Der Ausschuss für Recht, Verfassung und Gleichstellung hat sich in seiner Sitzung am 28. August 2020 unter anderem mit der Aufklärung im Todesermittlungsverfahren des aus Sierra Leone stammenden Oury Jalloh (im Bericht Jallow) beschäftigt. Sonderberater hatten in den letzten Monaten den Fall selbst und die Ermittlungsakten noch einmal geprüft. Es gebe derzeit keine Ansätze, um wegen Mordes oder Mordversuchs zu ermitteln, so das Fazit der Berater.

Der Rechtsausschuss des Landtags hatte im Vorfeld beschlossen, sich nicht nur die Ermittlungsakten vorlegen zu lassen, sondern auch Sonderberater für eine Prüfung des Falls und der Ermittlungen zu beauftragen. Der Rechtsanwalt und ehemalige Grünen-Bundestagsabgeordnete Jerzy Montag und der ehemalige Münchner Generalstaatsanwalt Manfred Nötzel wurden mit der Untersuchung beauftragt, diese begann am 13. Januar 2020. Beide stellten ihren Bericht während der Ausschusssitzung und anschließend in einer Pressekonferenz vor.

Die Sonderberater präsentierten auf einer Pessekonferenz ihre Untersuchungsergebnisse über die Ermittlungen um den Tod von Oury Jalloh in einer Gewahrsamszelle der Dessauer Polizei. Foto: Stefan Müller

Langjährige parlamentarische Beschäftigung

Der Landtag beschäftige sich seit dem 2. Februar 2005 mit dem Fall „Oury Jalloh“, so Detlef Gürth, Vorsitzender des Ausschusses für Recht, Verfassung und Gleichstellung. Allein in der aktuellen Wahlperiode habe es schon 20 Vorlagen und Berichte gegeben, zudem zehn Behandlungen im Rechtsausschuss des Landtags. Der Fall sei juristisch an sein Ende gelangt, abgeschlossen sei er deswegen aber noch lange nicht. Der Tod Oury Jallohs im polizeilichen Gewahrsam sei unentschuldbar und beschämend, so Gürth. Möglicherweise sei ein juristischer Frieden hergestellt worden, einen Seelenfrieden für die Familien und Freunde Oury Jallohs werde es wohl kaum geben.

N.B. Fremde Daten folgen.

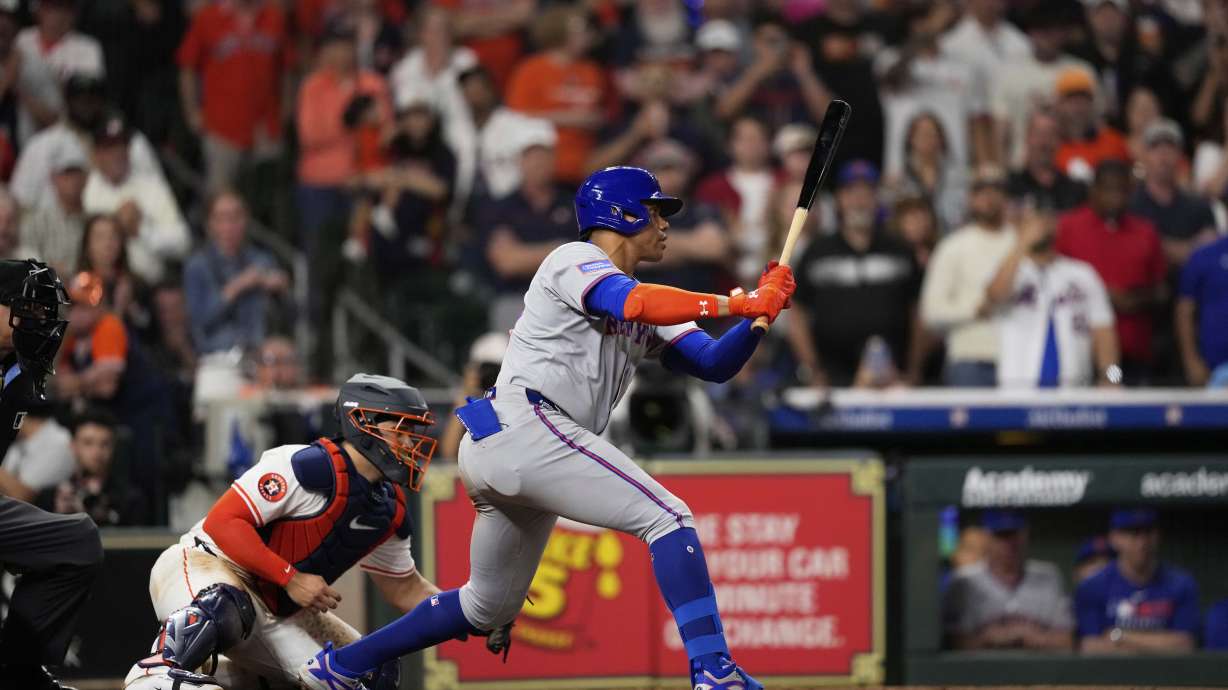 New York Mets' Juan Soto strikes out to end the ninth inning of an opening-day baseball game against the Houston Astros Thursday, March 27, 2025, in Houston.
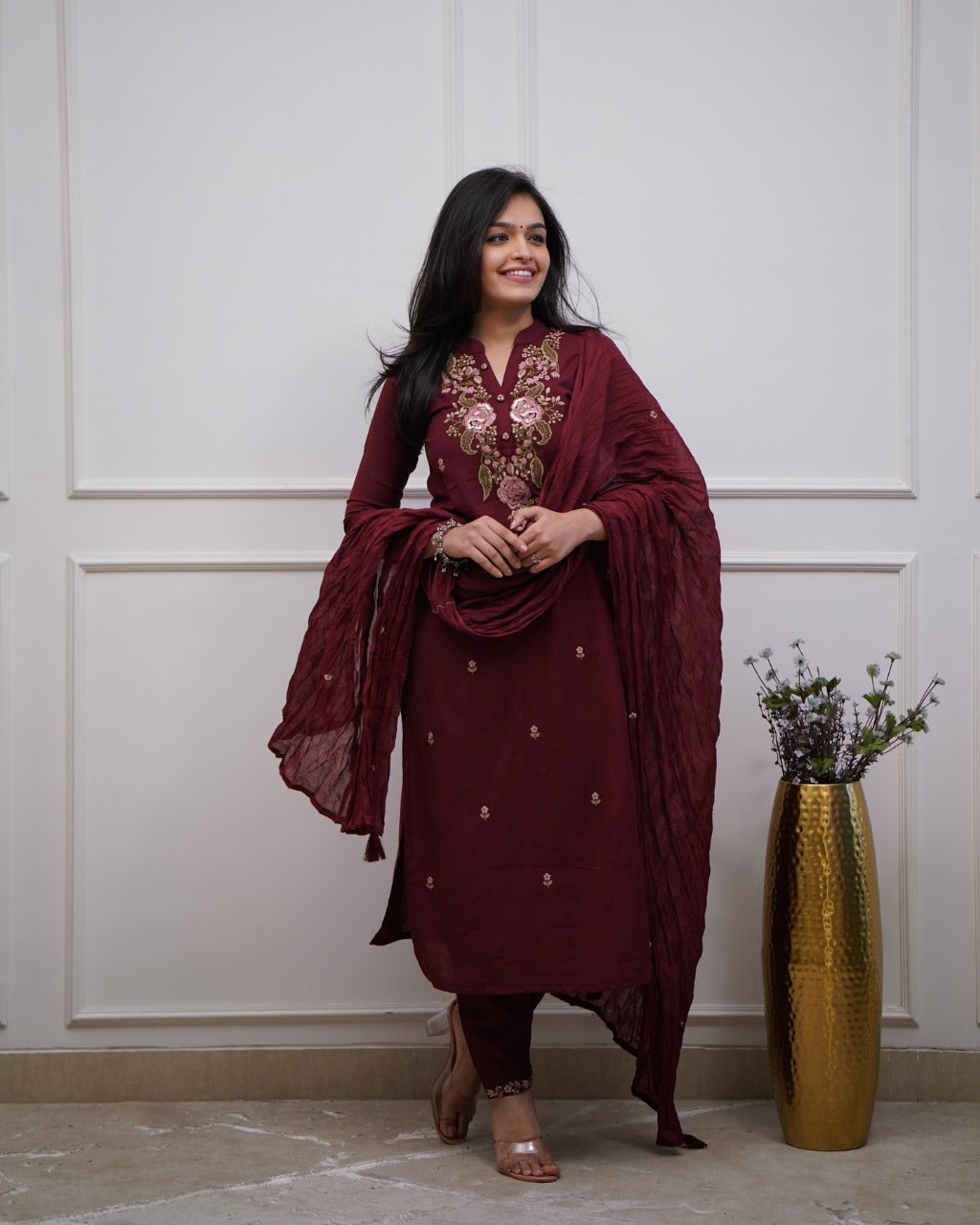 Biba Beautiful Pure Cotton Super Dying Embroidery Suit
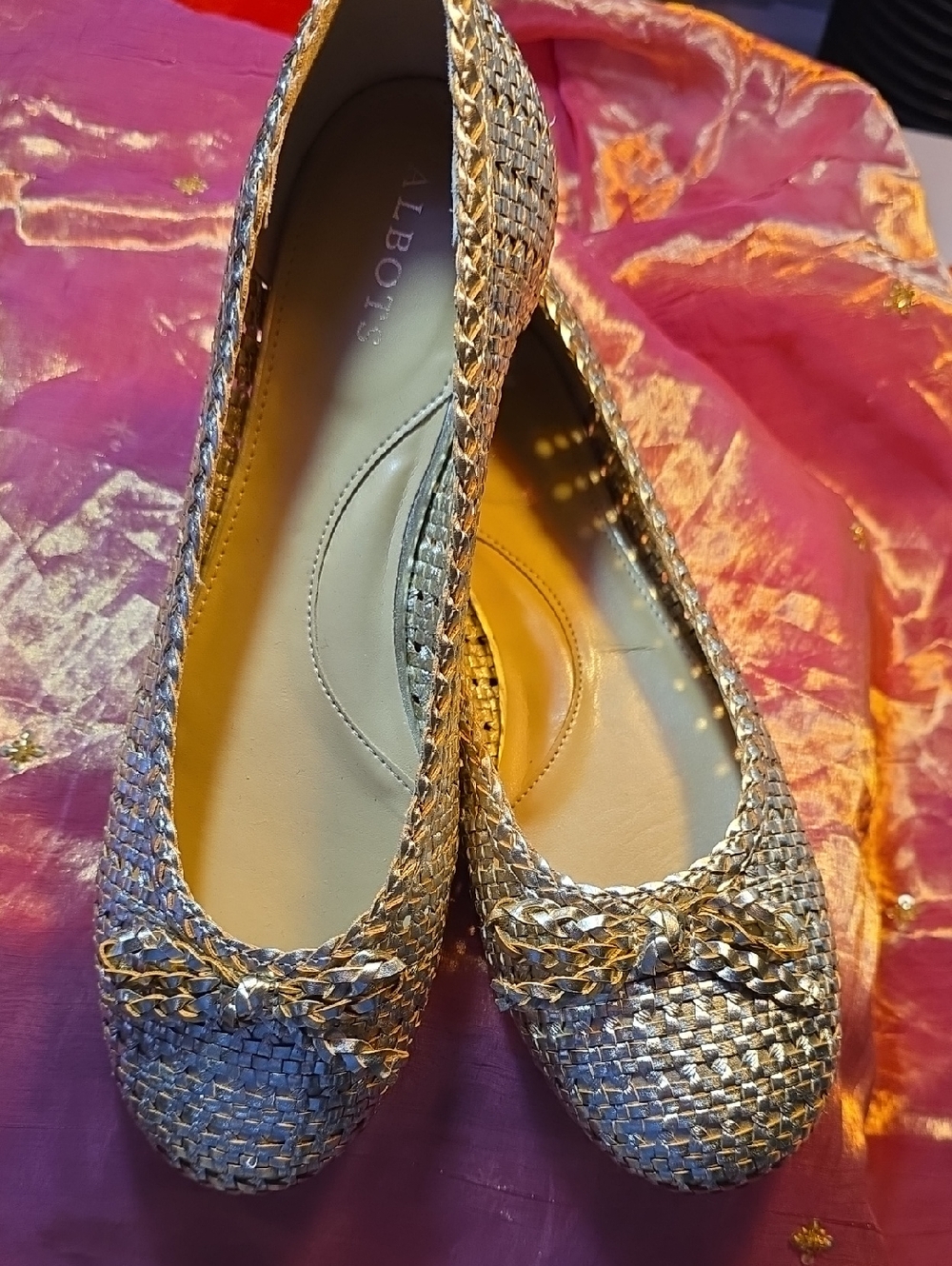 Talbot Blair Ballet Flats Open Woven Gold Size 8.5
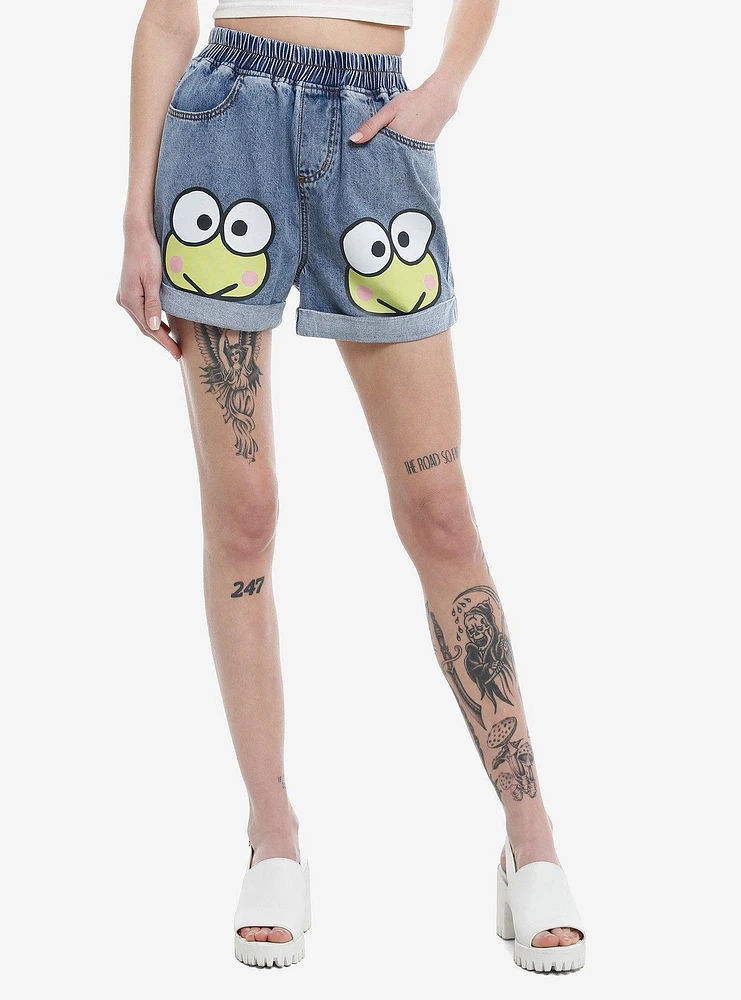 Keroppi Face Elastic High-Waisted Denim Shorts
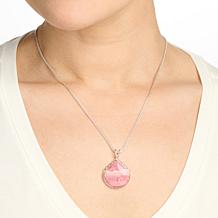 Jay King Sterling Silver Rhodochrosite or Turquoise Pendant with Chain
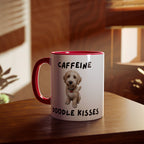 Caffeine & Doodle Kisses Mug — 11oz Accent Coffee Cup with Cream & White Doodle Design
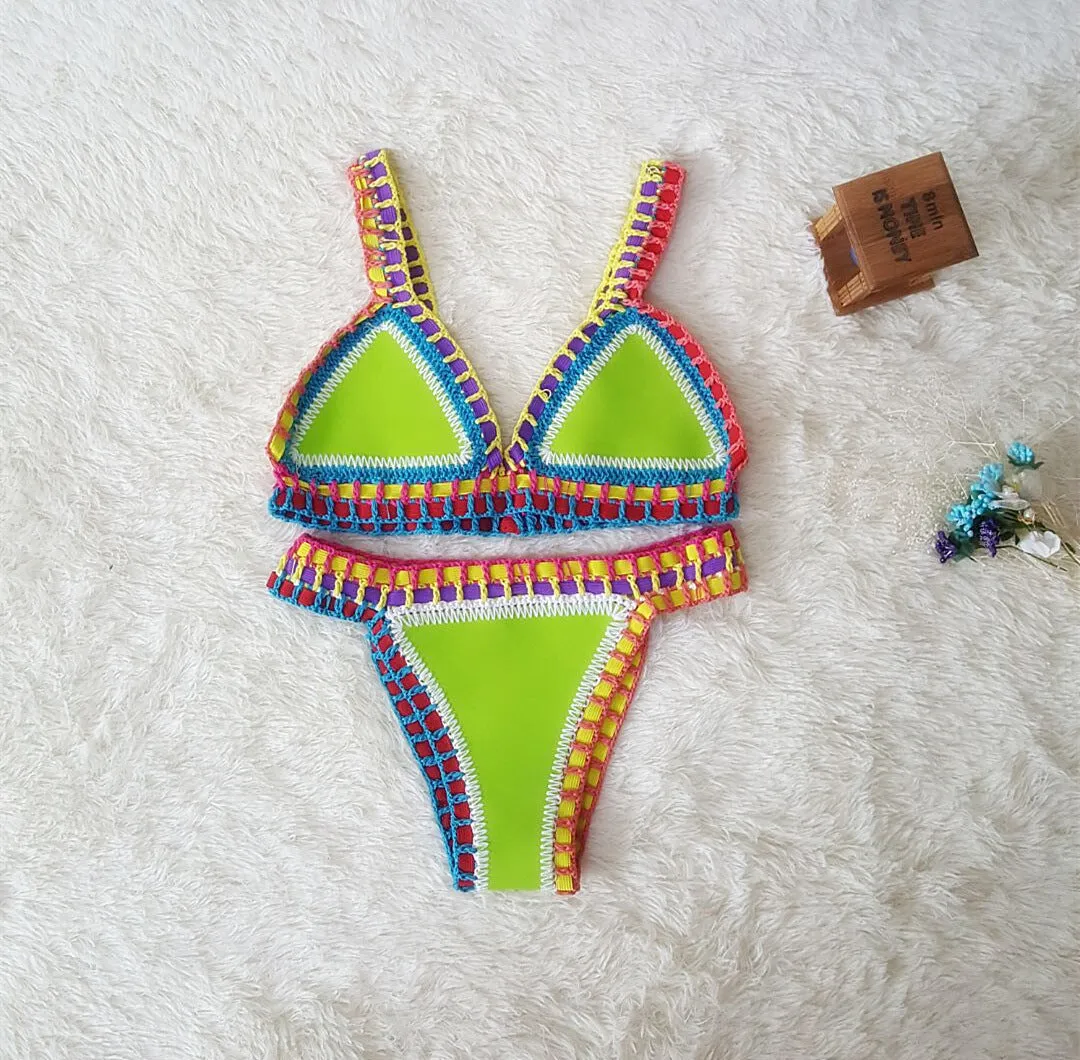 Hand crochet colourful bikini set with lace trim and rubber straps in multiple colours on white background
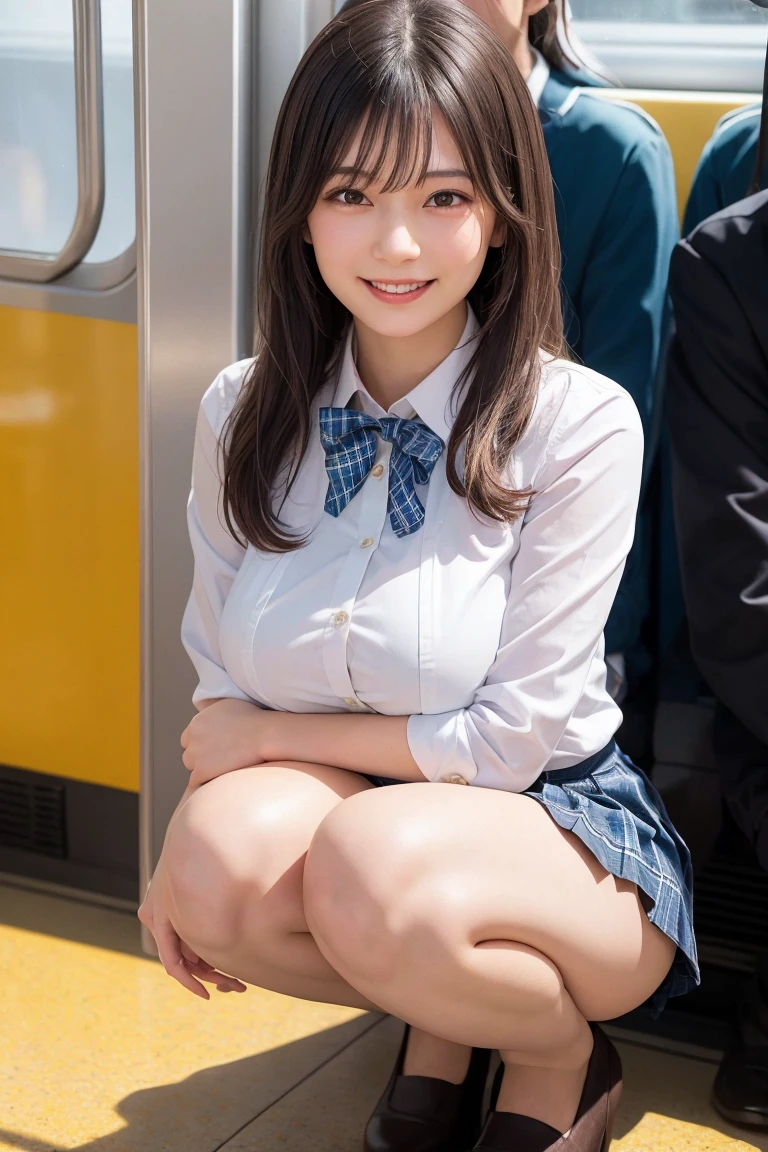 (nsfw, uncensored), BREAK, Japanese train, long seats, BREAK, (masterpiece, best quality, ultra detailed, (detailed face), detailed body, 8k), BREAK, (1 girl, Japanese, 13 yo, squint, stout, cute round childish face, natural medium-long hair, natural gigantic breasts, innocent, lovely, smile, white shirt, green bowtie, green checked skirt, (skirt lift), (bare childish pussy:1.3), (sitting, spread legs softly:1.4), school bag aside), perfect lighting, front lighting, (perfect hands, anatomical correct), front view, cowboy shot, perfect body balance, (arms aside softly), (panties:-2), slim legs, front lighting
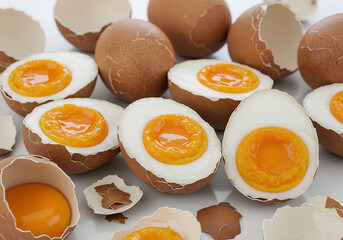 A Delightful Array of Soft-Boiled Eggs Showcasing Rich Yolks and Delicate Eggshells, Promising a Gourmet Culinary Experience, Perfect for Breakfast or Brunch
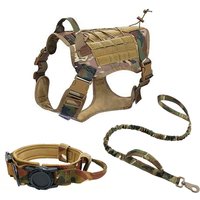 Adjustable Tactical Dog Collar Leash Harness for Medium Large Dogs Pet Accessories Durable Training Gear for German Shepherds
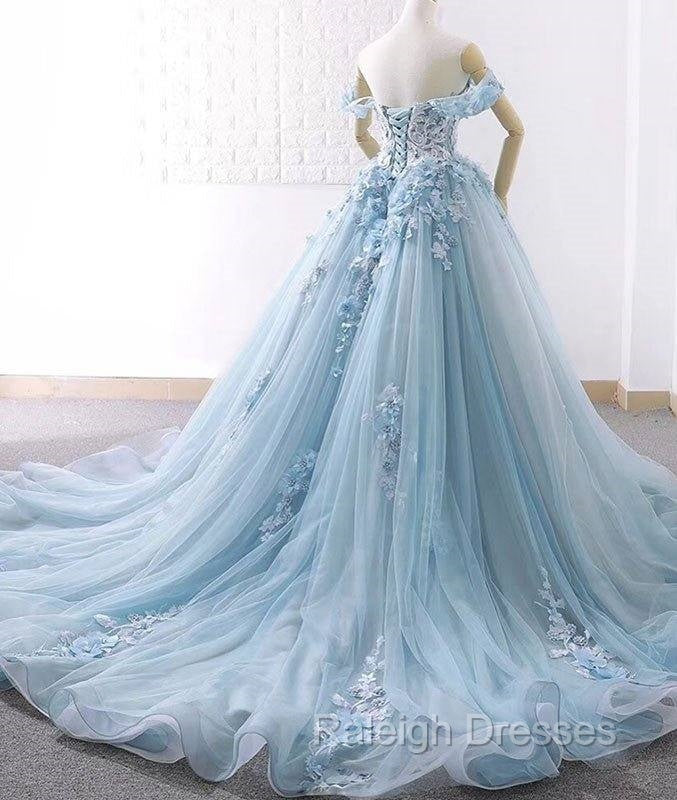 Blue Sweetheart Tulle Lace Long Prom Dress, Blue Wedding Dress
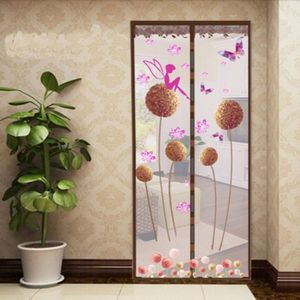 Summer Mosquito Curtain Magnetic Soft Screen Door Curtain  Size:100 x 210cm(Coffee)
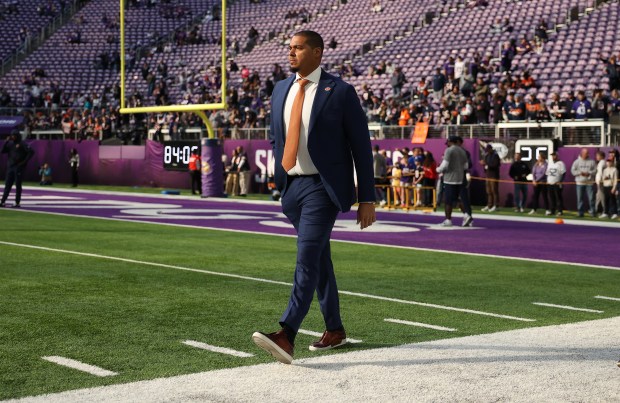 Bears general manager Ryan Poles walks on the field before a game against the Vikings on Sunday, Nov. 16, 2025, at U.S. Bank Stadium in Minneapolis. (Chris Sweda/Chicago Tribune)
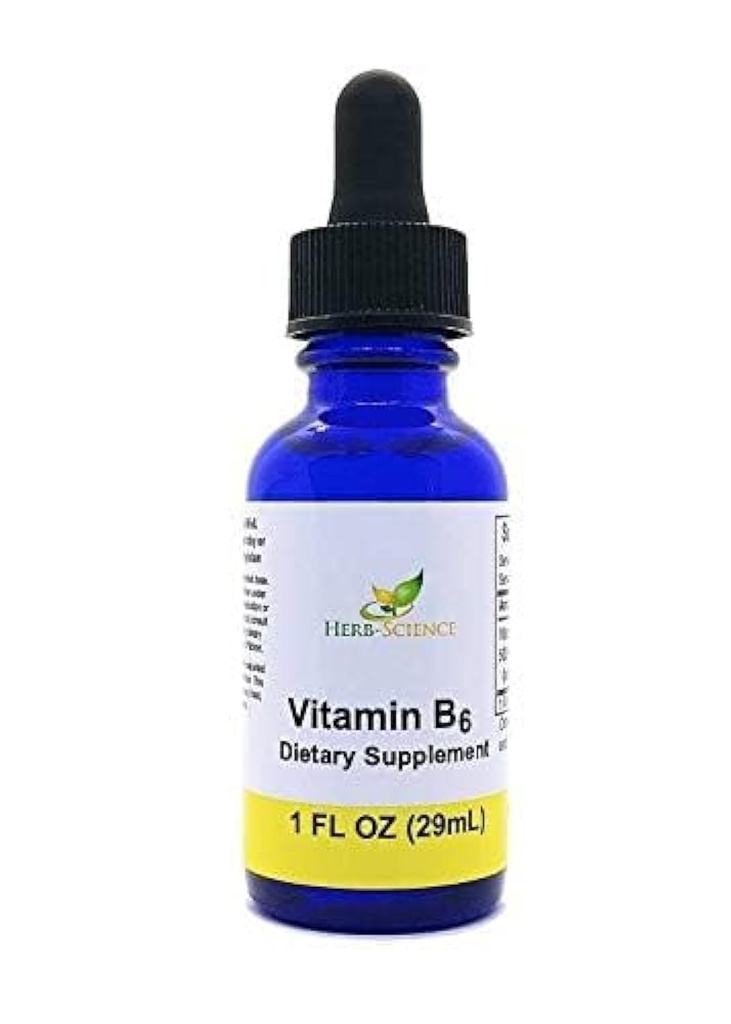 Væske Vitamin B6 Drops - Pyridoxin Ekstrakt Kosttilskudd for å støtte hjernefunksjon, immunisme, nervesystem, hjertehelse, metabolisme - 500% DV, 36 Serveringer per flaske - 1 fl oz.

Mehrfache Missachtung geltenden Rechts

Der nicht-natürliche Tod Oury Jallohs hat alle Menschen in Sachsen-Anhalt nachhaltig betroffen gemacht, zitierte Jerzy Montag den früheren sachsen-anhaltischen Ministerpräsidenten Prof. Dr. Wolfgang Böhmer aus dem Jahr 2008. In einem Fall, der fünfzehn Jahre alt und durch fünf Gerichtsinstanzen gegangen sei, sei die Aufklärung allein mit Sichtung von Akten nicht möglich gewesen. Daher habe es viele offene Gespräche gegeben, die dabei geholfen hätten, vieles aufzuklären, was aufgrund der Akten noch nicht ganz klar gewesen sei. Verschiedene Personen hätten ein aufklärendes Gespräch aber auch abgelehnt, so der Berater. „Der Bericht ist sehr umfassend und beruht ausschließlich auf den Akten und den geführten Gesprächen“, betonte Montag. Alle Namen seien zum Schutz der jeweiligen Persönlichkeitsrechte im Bericht anonymisiert worden.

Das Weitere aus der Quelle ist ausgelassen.